Önemli Not: Buradaki amacım, asla büyük usta Immanuel
Kant'a bir eleştiri getirmek değildir. Hele hele bugünün modern bilimi
üzerinden dayak attırmak gibi bir niyetim asla yoktur ve bu benim haddime
değildir. Ustanın önünde önümü ilikler ve ayağa kalkarım. Büyük usta, kendi
zamanı için muazzam düşünmüştür ve kendi zamanının Newtonyan mekaniğini de
muazzam şekilde yorumlamıştır. Sağ olsun, var olsun; bize açtığı yollar için.
7. Sonuç
Bu tanımlar çerçevesinde, ontolojik argümanımız şu ana
fikirleri öngörür:
- Varlık,
İlişkisellik ve Oluş: Varlıklar, ancak diğer varlıklarla olan
ilişkileri aracılığıyla anlam kazanır ve bu ilişkilerden türeyen oluşlar
ortaya çıkar. Varlık, ilişkisellik olmadan kendini ifade edemez.
- Gerçeklik
ve İlişkisellik: Gerçeklik, varlıklar arası tüm ilişkilerin bir
toplamıdır ve bu ilişkiler olmadan gerçeklik tanımsız hale gelir.

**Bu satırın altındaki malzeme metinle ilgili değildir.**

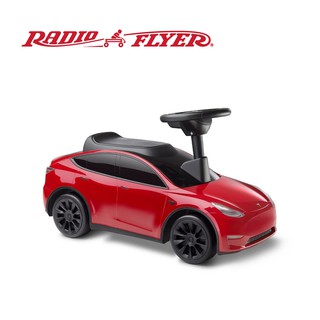 RadioFlyer Tesla Model Y 特斯拉聯名款滑步車_633A型 滑步車 學步車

İlişkisellik, gerçekliğin kendini gösterme biçimidir.
- Olasılıksallık
ve Zaman: Zaman, varlıklar arası ilişkilerin dinamik değişim hızıdır
ve bu değişim olmadan zamanın anlamı yoktur. Zaman ve belirsizlik,
ilişkisellikten türeyen yapılardır.
Bu ontolojik argüman, ilişkiselliği temel bir yapı taşı
olarak sunar ve varlık, oluş, gerçeklik ve zaman gibi kavramların anlam
kazanabilmesi için ilişkiselliğin zorunlu olduğunu öngörür. Ayrıca, Bell
eşitsizliklerinin ihlali gibi fiziksel olgularla da uyumludur.